So, former First Lady Laura Bush was asked by USA Today's Susan Page about Donald Trump. Let's put aside for the moment that, frankly, questions about Trump were not particularly relevant, considering why Laura Bush was there for the interview (which is supposed to be about Voices of Hope, Mrs. Bush's new book on Afghan women): that's just par for the course. But Mrs. Bush (I think properly) declined to give Trump a soundbite to freak out over, but it's fairly clear from her response afterward where she stands. And it's not with Trump:
Q: But in your book it’s clear that you don’t think Islam hates America, or that all Muslims should be banned from entering the United States. Is there a point where you would feel compelled to come off the sidelines to speak out?

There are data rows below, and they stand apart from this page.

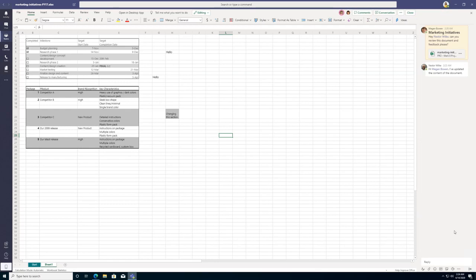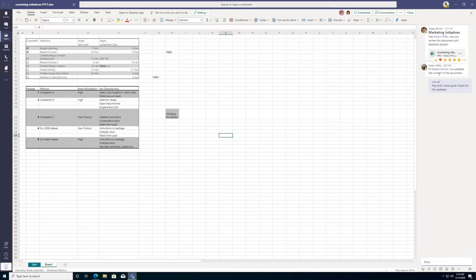From within my Teams window I also had a notification from Megan saying 'hey Nestor, can you review this?' I can reply back within the same thread saying I've updated the content of the document, which will notify Megan. This brings all traditional email communication into a central place where you can collaborate, cutting down on email clutter.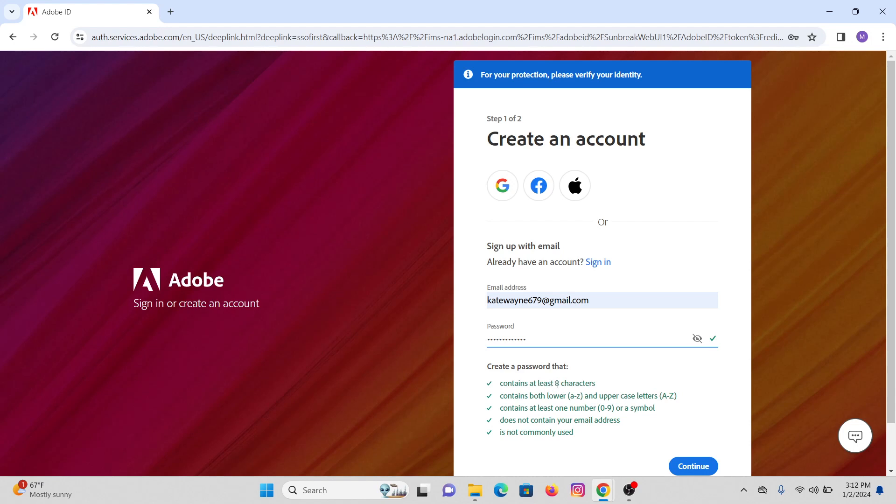Also make sure to enter a number and it doesn't contain any of your email address and is not commonly used. After all this, click on continue.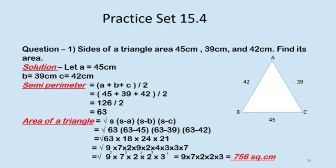So first we are going to find out the semi-perimeter of the triangle. What is the formula for semi-perimeter? Semi-perimeter is equal to (A plus B plus C) divided by 2. Now substitute the values of A, B and C, which is equal to (45 plus 39 plus 42) divided by 2. After adding, you get 126 divided by 2 is equal to 63.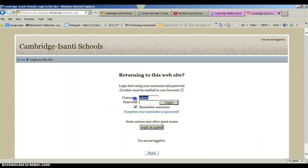Their login is going to be the first five digits of their last name, the first three digits of their first name, and then a number like 00001 or 002. This is the same username they use to get on the computers at school.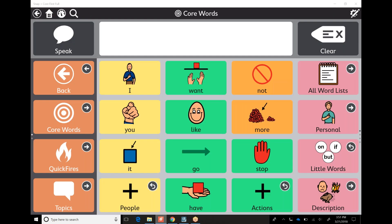I'm a Southern Indiana AAC consultant for Tobii Dynavox, and today I wanted to talk about how to use the topic desk work. I'm doing a couple of videos trying to explain and give examples of how to really use Snap Core First and how to use it in real life scenarios.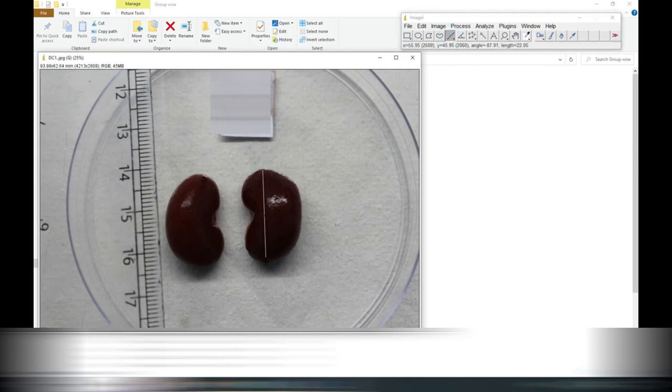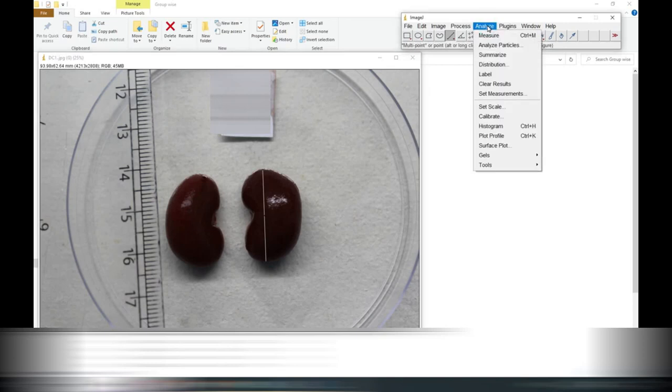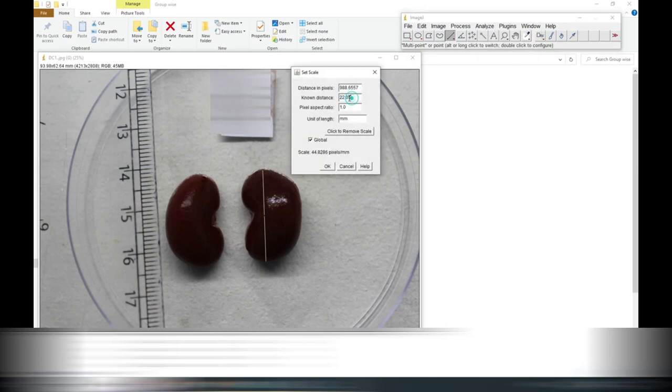Now by the set scale using measure you can also measure and see the known distance but here you can easily see the changes. Likewise you can note this also.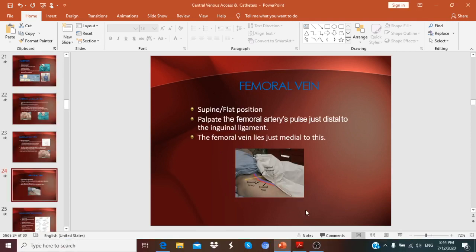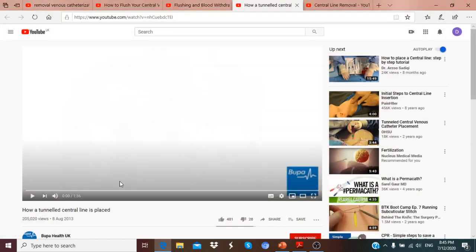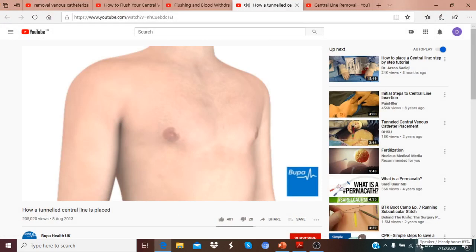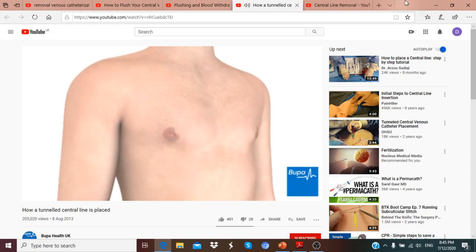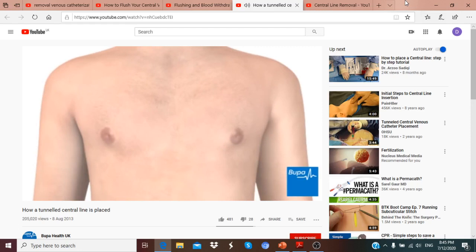Non-tunneled catheters are percutaneous. We have discussed the advantages, disadvantages, and techniques for insertion. The practical component is most important. A video will now be shown. This animation shows how a tunneled central line is placed in a vein close to the heart. You can click navigation arrows to play, pause, rewind, or fast forward the animation.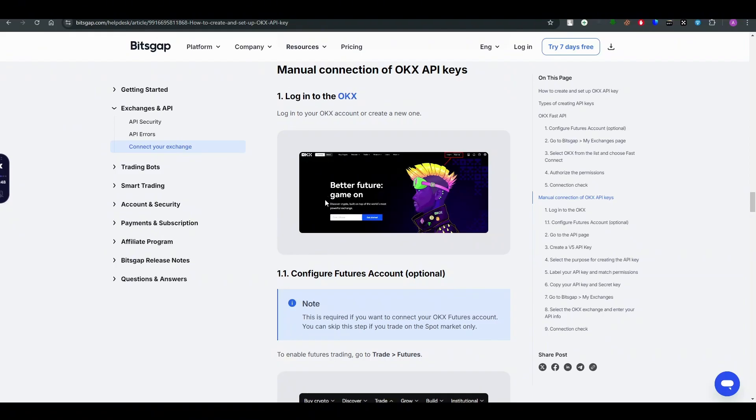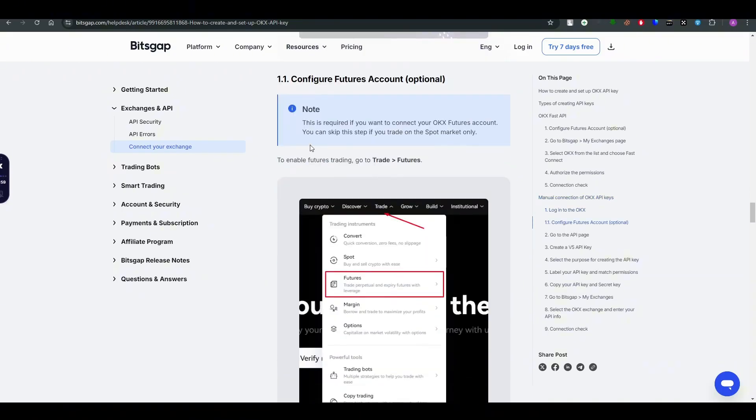If you want to trade in the futures market, you can do this step which is optional. But if you just do the trading on spot market, you can skip this step. So first thing is to go and enable the futures trading.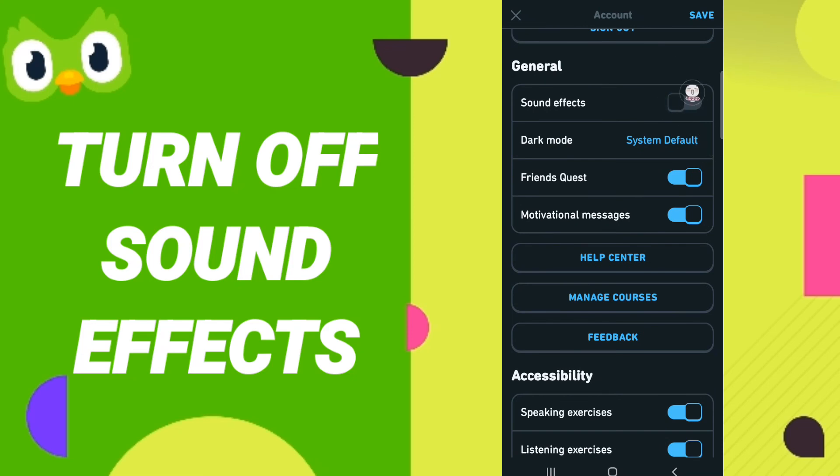If this sign changes, then you can know how to turn off sound effects on the application of Duolingo.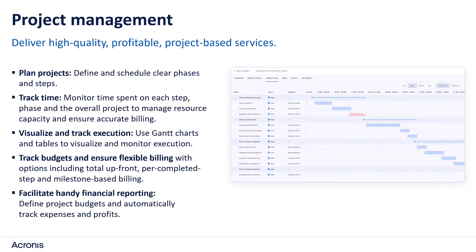Hi and welcome to the demo of our new project management module in Acronis PSA. This module empowers MSPs to deliver high-quality, profitable project-based services.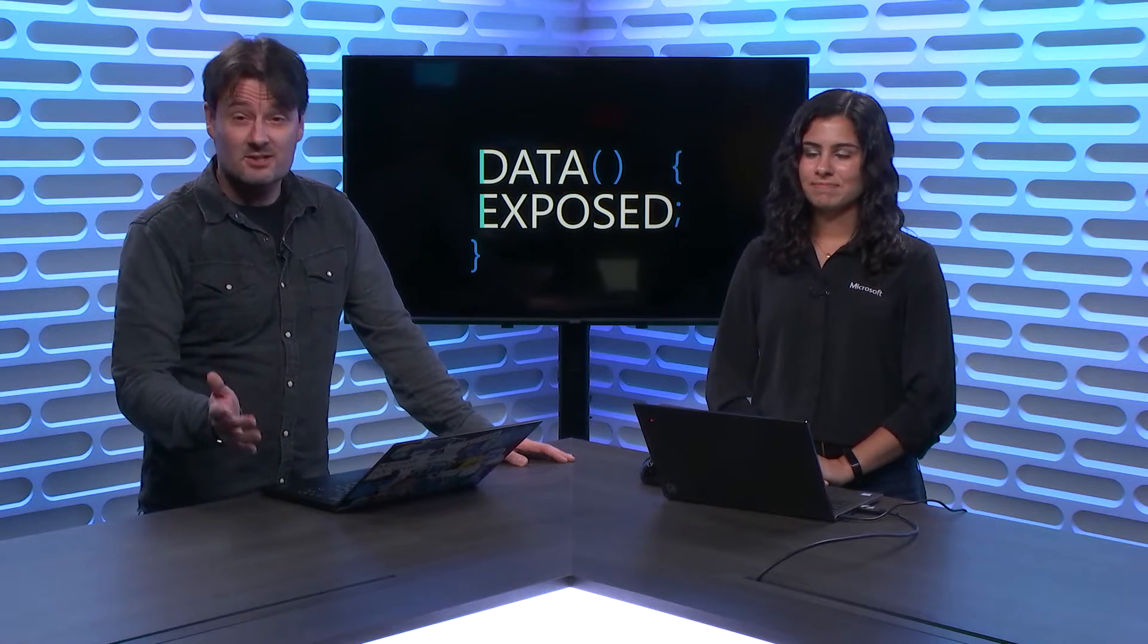You've probably heard about notebooks by now, but what you might not know is that you can run PowerShell in them. And Anna is here to show us how, today on Data Exposed.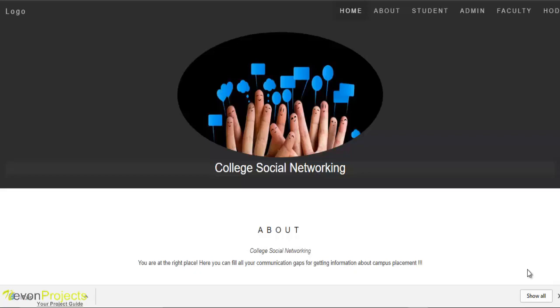Welcome to the demonstration of the College Social Network Fair project. Social media sites allow users to communicate with people, share their ideas, activities, and events within their individual networks.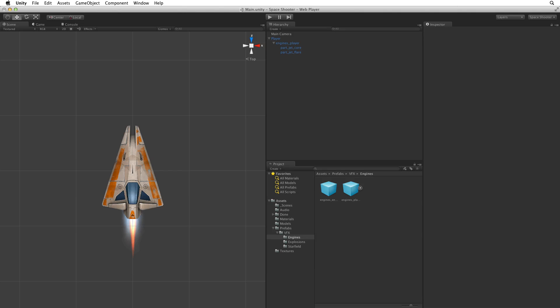In this assignment we will set up the camera and lighting for our game. Our game will be a top down style game where we are looking down on the game area from a fixed position above the game.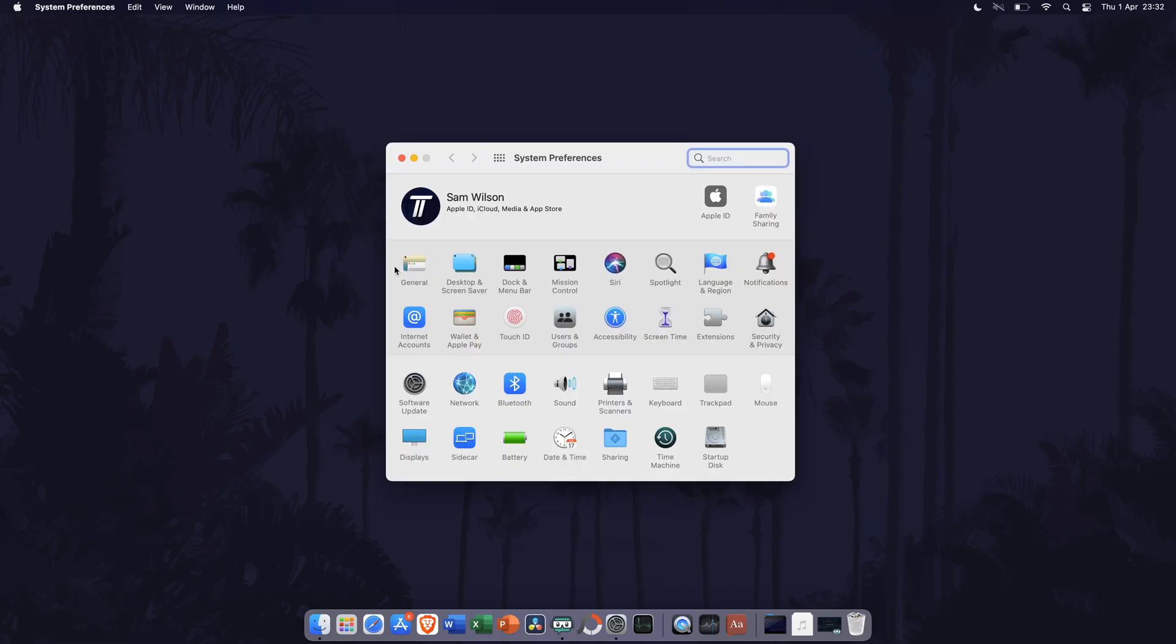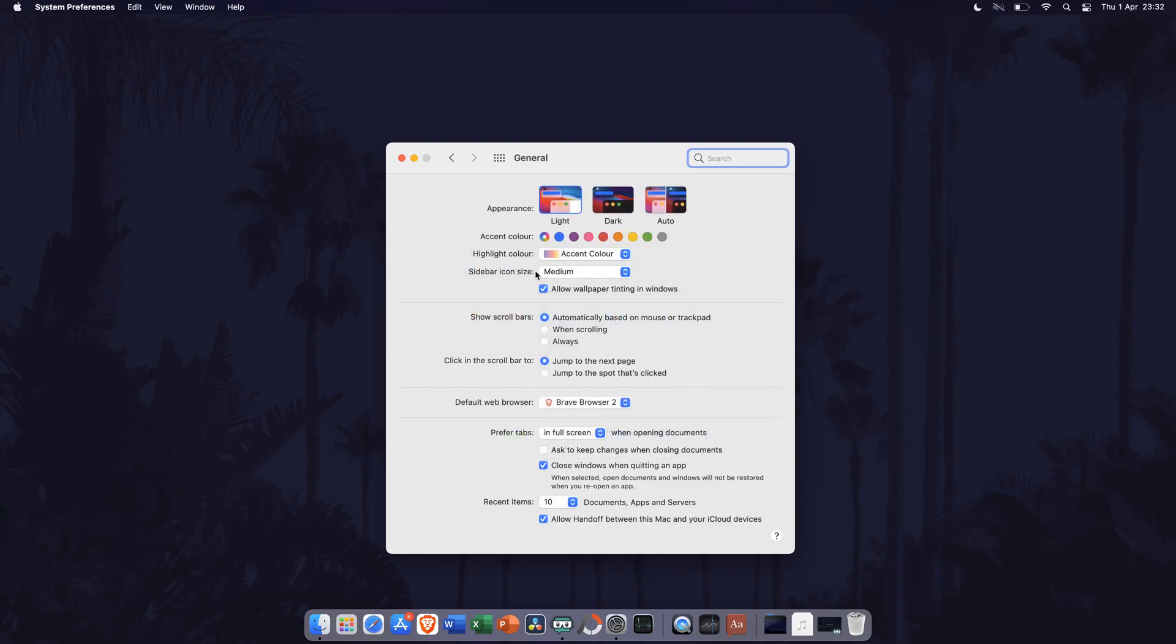In system preferences, click on general which should be the first option. In the general settings, look down the list until you find the option called default web browser. It should be about two thirds of the way down the list.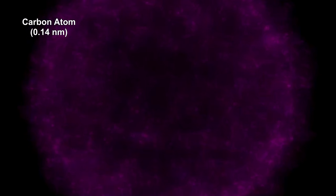Now's a good time to review the particle sizes we've seen so far. In our first segment, we used an electron microscope to see a carbon atom with a diameter of 0.14 nm. That's a million times smaller than the width of a human hair.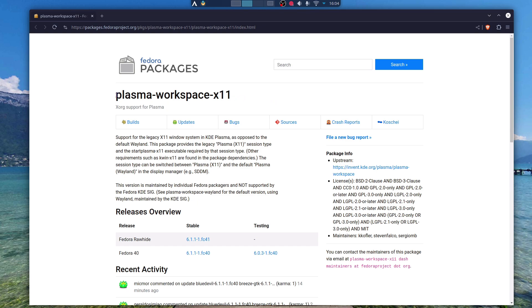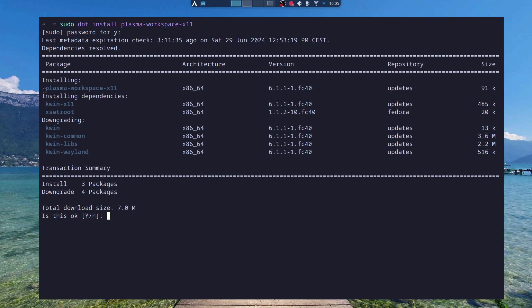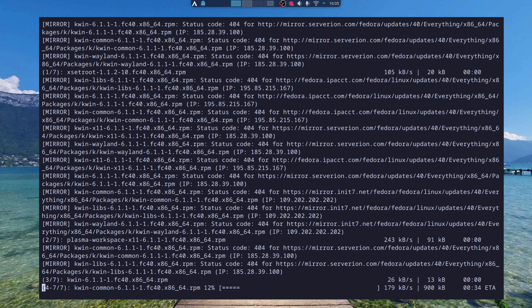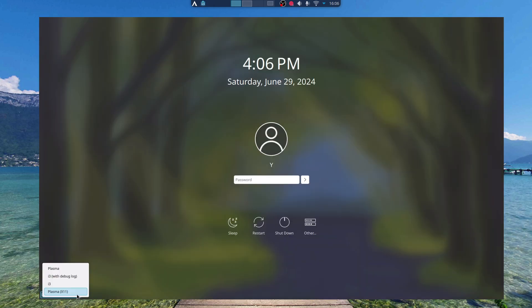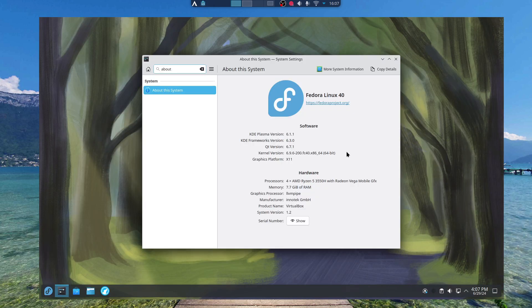To get Plasma X11 back, you need to install the package plasma-workspace-x11, and that package will pick up some dependencies that are needed. Just press yes, and next time you restart your computer, there should be a Plasma X11 option. Now if you look at your system, you can see that the graphic platform is X11, KDE Plasma version 6.1.1, and that's all.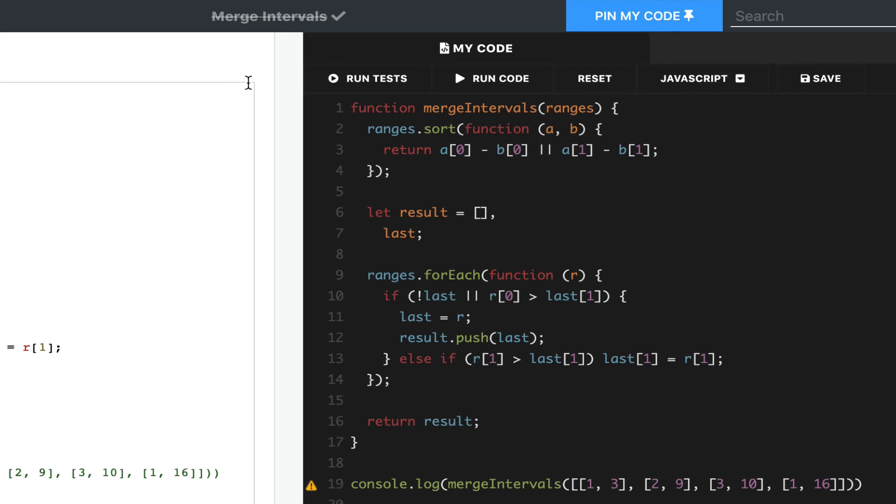And here's the final code. You can check this out for yourself on algodaily.com. And I hope this has been helpful. Thank you.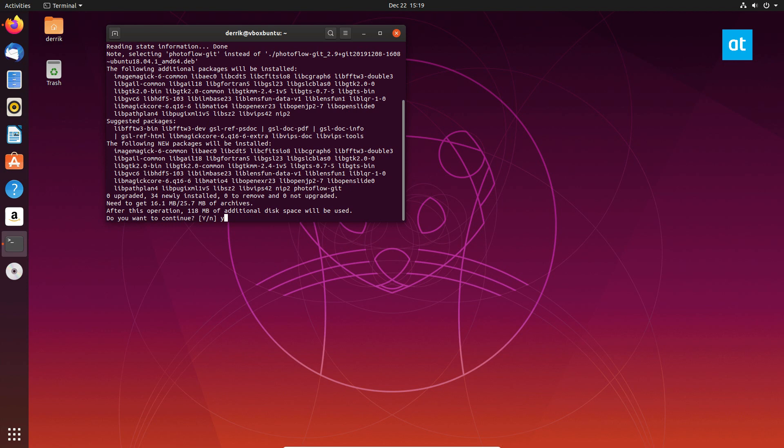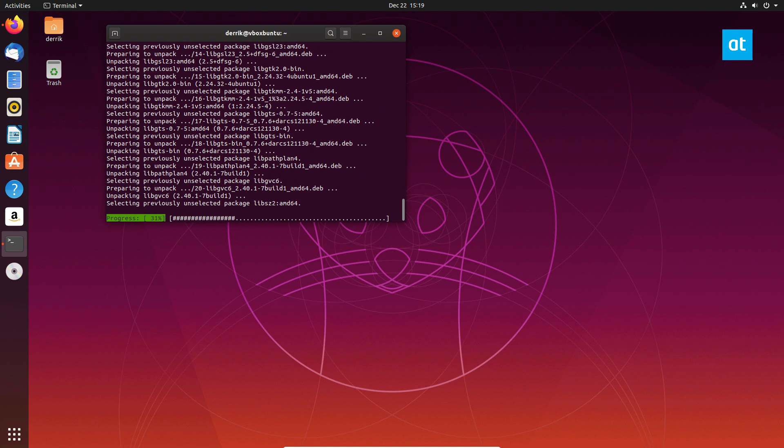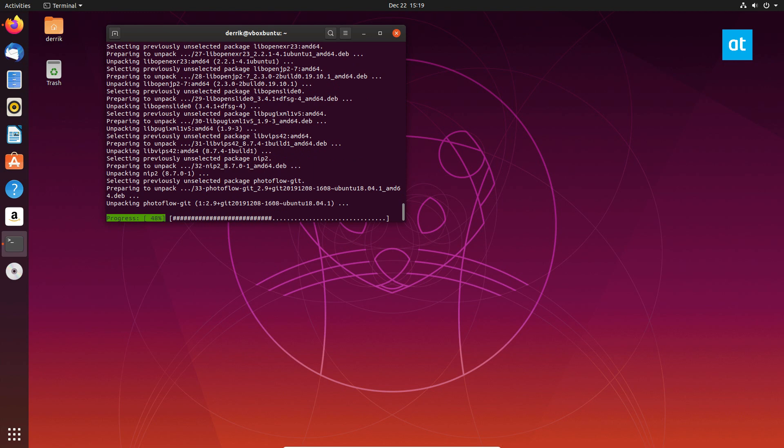Now this is going to automatically find all of the additional packages and dependencies that it needs, and it will download everything, get it working just fine. It's going to install, set everything up, and once it's done processing and unpacking everything, it is ready to use.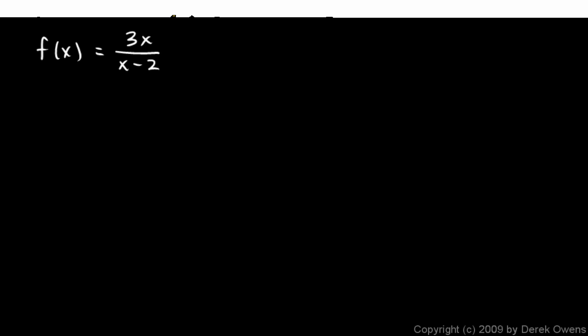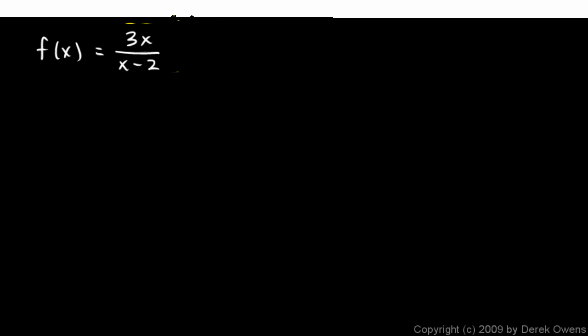So first let's imagine on the right side of 2. So put in a number for x right here that's just a little bit bigger than 2. So that's going to be a positive number, a little bit larger than 2. So the numerator will be positive, and the denominator will be positive. If x is just a little bit bigger than 2, then the denominator is positive. So just to the right of 2, we have a fraction where both the numerator and denominator are positive. And the denominator is going to be really, really tiny.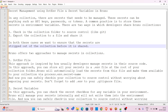Hi all, welcome to my YouTube channel 'The Resting Instinct'. In this video I will be discussing secret management using dot env files and secret variables in Bruno. In any collection there are secrets that need to be managed — these secrets can be anything such as API keys, passwords, or tokens.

A: This is what I want Americans to remember -- what our real values are. And one of the very first things, one of the reasons we’re a country is because we believe in freedom of religion. We believe that people could be religious. They could choose any religion they wanted to, or they could not worship, if they didn’t want to. We don’t have any religious test in the United States. And that’s what we need to remember. We need to remember what our own values are.
We have a tendency in the United States, and it’s happened other times in our history, to become sort of isolationist and xenophobic and, you know, we’re just going to stay here together and not pay attention to the rest of the world. And it’s something that we have to pay attention to now because our world is so small. And it’s important for us — even though we’ve gone through these stages many other times in our history — to pay attention to the rest of the world.
Now, I'm going to go out on a limb here and predict that, if and when this response gets noticed by the mainstream press, there's going to a whole lot of online vituperation going on over the sight of a woman with the Bush surname calling xenophobia, well, xenophobia. This is as predictable as the sunrise, in fact. And when that happens I would like my readers to take a good, hard look at the people who are doing the vituperating*. These are not happy people. These are not people who are comfortable in their own skin. These are people whose faces have set into a set pattern of aggravation, peevishness, and a general, constant, low-grade state of resentment. In short, they're kind of broken. And you have to wonder just how much of that is bleeding into the part of their lives that doesn't involve politics. Because, as we saw from the decade-long crackup that was the antiwar movement, you can't just turn this stuff off like it was coming from a spigot.
But, hey: people are going to do what they're going to do. Maybe this time they'll figure out how to channel the Dark Side in a way that won't corrupt them in the end. It's never happened once in all of recorded history, but dice have no memory, right?
*Huh. Guess it's a word. I half-figured that it wouldn't be.